Get a newer Velodyne properly sized for your room. I just replaced a 1991 ULD 15 with a DD15+, and there is quite a difference in output and detail.No other sub on the market will have the detail of a Velodyne. 
Post removed 
If you've got the SMS-1 dialed in properly, something may be wrong with your sub.  I used the SMS with both small Velo subs (8" SPL x2) and large Rythmik subs (F12 x2).  You should get reasonable power with a single 12" servo/125 watts at the kick-drum fundamental and integration should be seamless.

BTW, one idea you might consider: order a pair of 12" Rythmik or SVS 12" subs (money back, in-home trial basis).  That's $1k to $1.2k to check out a superb sub + SMS solution.  If you don't love it, send them back.
Fundamental for a rock kick is around 50 To 80Hz but the punch or slap will be much higher like 4KHz.

Sounds like your room is boomy or your sub has failed - besides at 85db peak you won’t get much kick from your sub anyway unless you have way too much ULF dialled in.
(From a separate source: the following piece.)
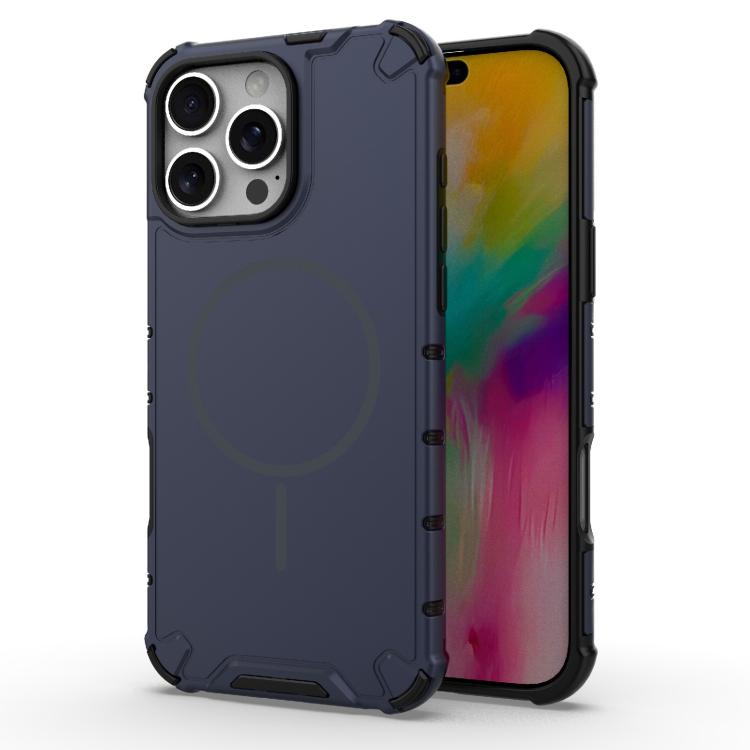 Grating Solid Color MagSafe Magnetic Phone Case, For iPhone 16 Pro Max, For iPhone 16 Pro, For iPhone 16 Plus, For iPhone 16 Apple Accessories enggra5380 iPhone 16 Pro Max - APEXEL INDIA - Mobile Lens - Mobile Camera Lens - Cellphone Accessories - Phone Lens - Smartphone Lens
To get proper sound you need proper or realistic SPL because of the way our ears work. At low volumes you can get more bass with loudness or bass lift/boost but it will never sound right - to get the right balance of sound you need to crank it!

To get the barely audible room compression kick drum feel you need a 15 inch woofer (in case that is what you are looking for) - this is more felt than heard.
What you are describing is poor room integration. Look up Room EQ Wizard, you'll find lots of information and people who want to help you.  I strongly suspect you do not need a new sub, but a better integrated one. This may involve EQ as well as bass traps. I recommend miniDSP for the first part, GIK acoustics for the second.

In terms of comparing subs, you can find a lot of information here:

http://www.data-bass.com/home

I'm not sure if you'll find another sub "better" so much as modern subs like JL Audo's built in DSP is pretty damn good. I mean, of course they have massive motors and amps, but you seem to need better settings, not to spend lots more money. :)

If that EQ isn't adequate, I use miniDSP with OmniMic with a Hsu VTF-15 Mk II and it's awesome. Still, it's not the sub but the settings I think. Pursue that first. If you seem to lack output then consider a new sub.

Best,

Erik
" I'm assuming the punch from a kick drum should be mostly sub, or is that up above 80hz?"

"Punch" is usually higher up, but your system is probably using both the sub and mains to reproduce the entire bass drum. You should list your entire system and some info on your room. You may be able to fix this issue without having to buy new components.